Business owners in Daytona Beach rely heavily on their companies’ reputations. A claim against that reputation can exact untold damage, leaving executives and decision-makers with every incentive to dispute such assertions. One type of claim that can be particularly harmful is that of false advertising. Thus, it is important that those representing their respective companies understand exactly what the laws defining false advertising in their states entail. 

Per Section 817.44 of the Florida state statutes, a company that advertises to the general public the sale of property (be it real or personal, tangible or intangible) or an offer of professional services as part of a scheme not to provide such property or services as advertised if guilty of false adverting. The same is true if a company advertises a product or service for sale at a specific price with the intention not to sell said service or product at that price. 

Answering accusations of false advertising requires challenging one of two aspects of such a claim: the advertisement and the actual offer. In its Truth in Advertising laws, the Federal Trade Commission defines advertising mediums as the following: 

  • Periodicals
  • Online media
  • Mail
  • Billboards
  • Transportation ads

While not specifically listed, television and radio ads also often fall into this category.

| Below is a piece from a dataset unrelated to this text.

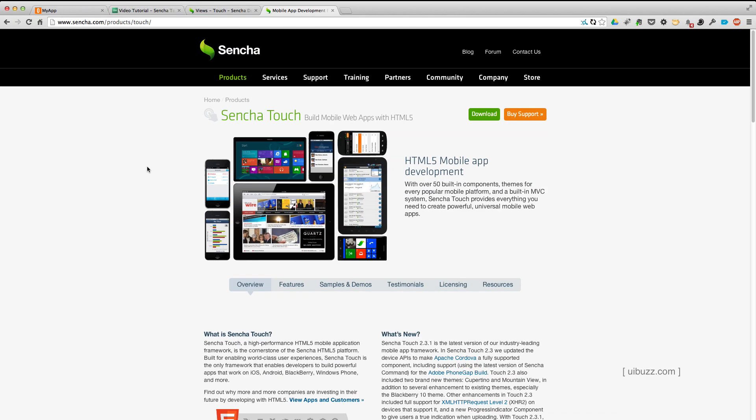We're going to continue our look at Sencha Touch, the JavaScript framework for building mobile and desktop applications.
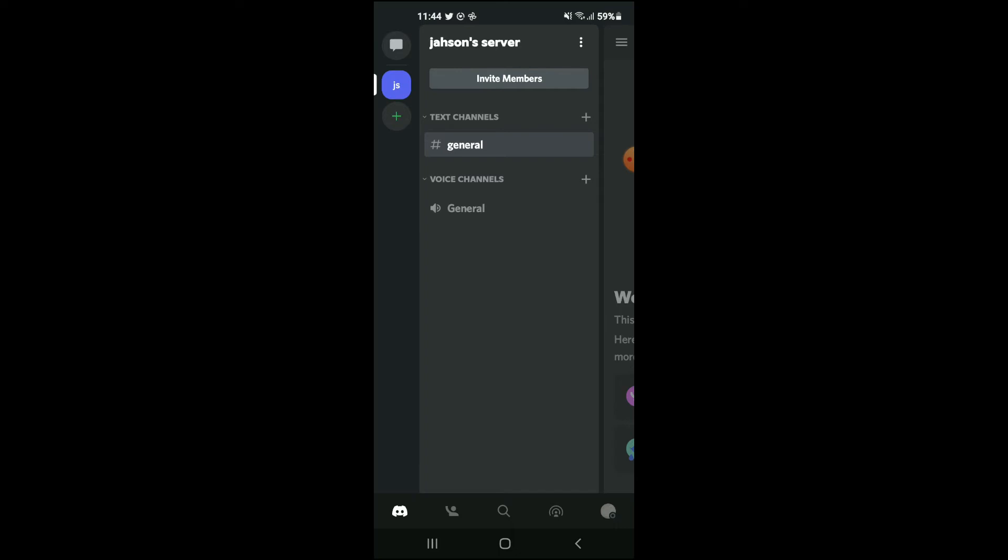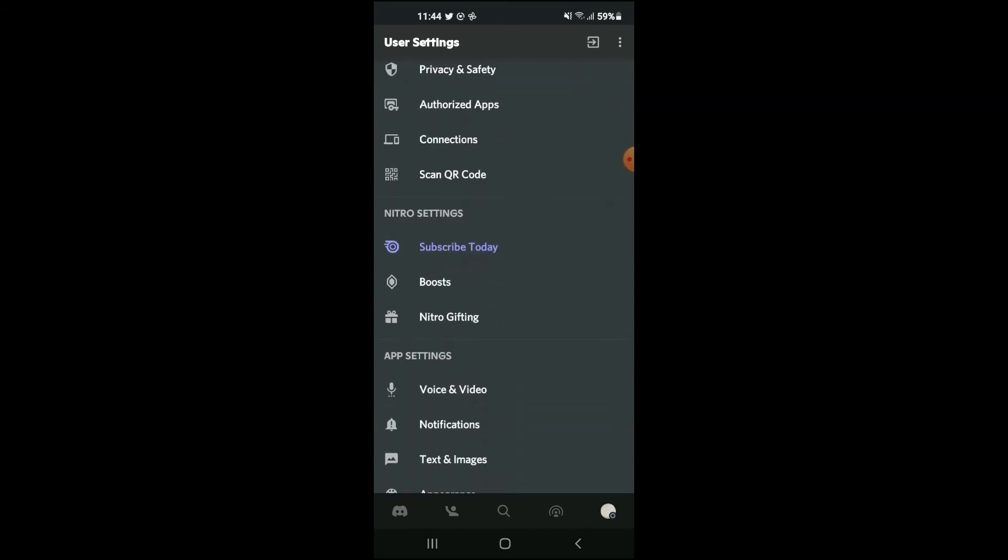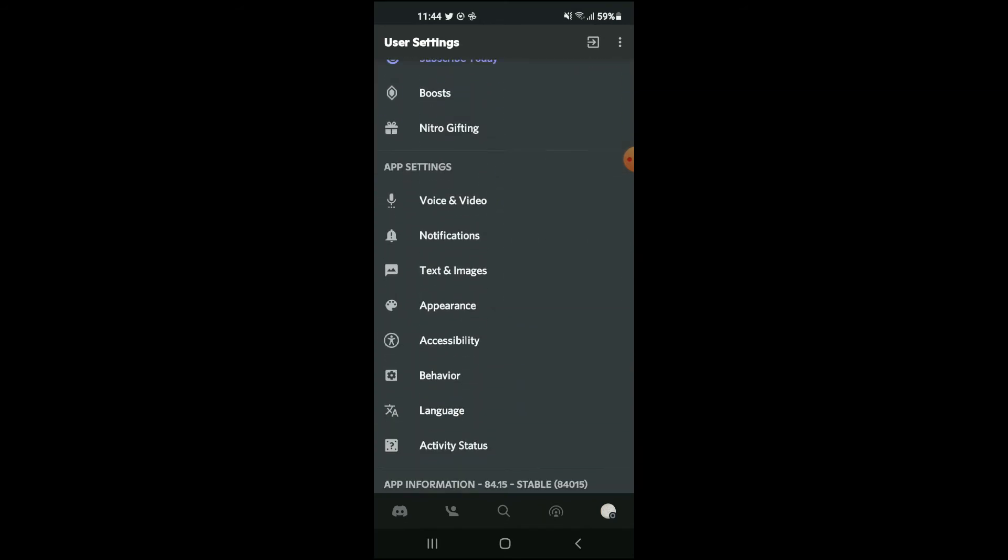on the circle in the bottom right-hand corner where your profile photo is. Once you have done that, you're going to scroll all the way down and select Behavior.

What does not is word of mouth. Thus, if word of an offer does not come from a legitimate source, one cannot claim that the failure to meet that offer is false advertising. 

Claims of false advertising also often arise when a company only lists basic or introductory pricing, or list a price offered as part of a promotion. However, businesses are allowed to only advertise special pricing options provided that they offer them to those potential consumers that meet their requirements.